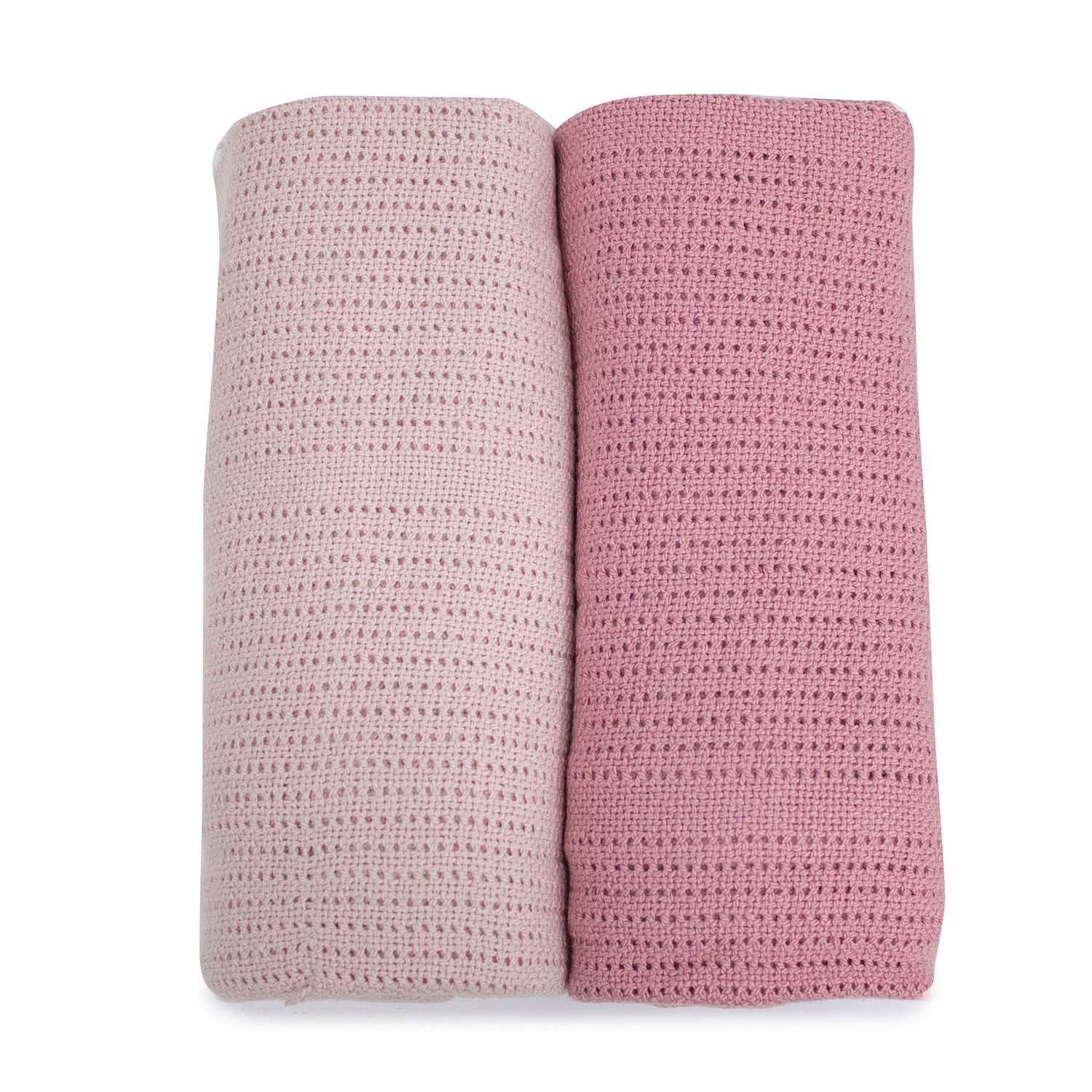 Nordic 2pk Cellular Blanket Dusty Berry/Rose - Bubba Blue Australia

--

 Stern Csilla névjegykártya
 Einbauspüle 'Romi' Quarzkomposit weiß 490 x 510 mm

---

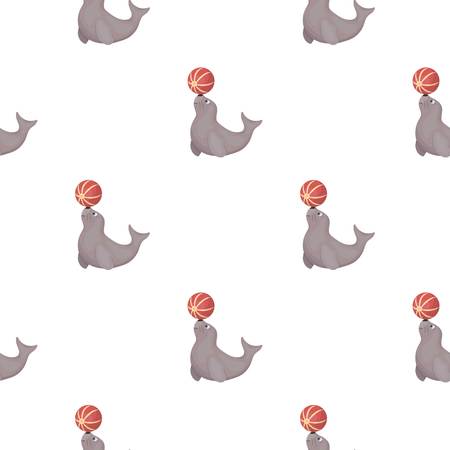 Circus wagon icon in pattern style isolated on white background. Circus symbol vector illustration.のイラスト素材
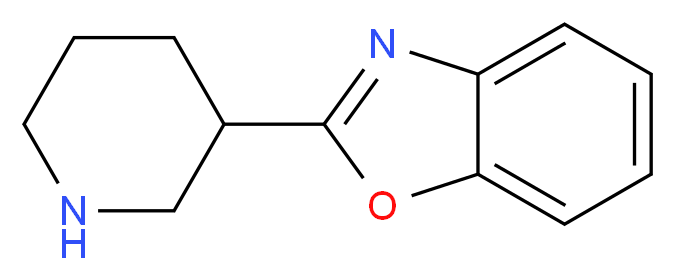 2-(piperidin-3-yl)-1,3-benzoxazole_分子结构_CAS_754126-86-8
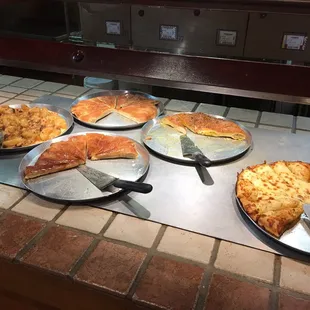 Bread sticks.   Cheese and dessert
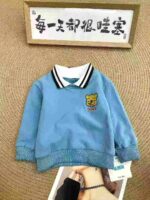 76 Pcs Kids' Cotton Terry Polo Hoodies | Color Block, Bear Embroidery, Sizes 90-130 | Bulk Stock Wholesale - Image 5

▶ _The problem_: If a picture sits between the line containing "Circus wagon icon" and the line containing "76 Pcs Kids'", leave it out, and return the lines of that range above exactly, both ends included.

▶ _Task result_:
 Circus wagon icon in pattern style isolated on white background. Circus symbol vector illustration.のイラスト素材
 2-(piperidin-3-yl)-1,3-benzoxazole_分子结构_CAS_754126-86-8
 Bread sticks.   Cheese and dessert
 76 Pcs Kids' Cotton Terry Polo Hoodies | Color Block, Bear Embroidery, Sizes 90-130 | Bulk Stock Wholesale - Image 5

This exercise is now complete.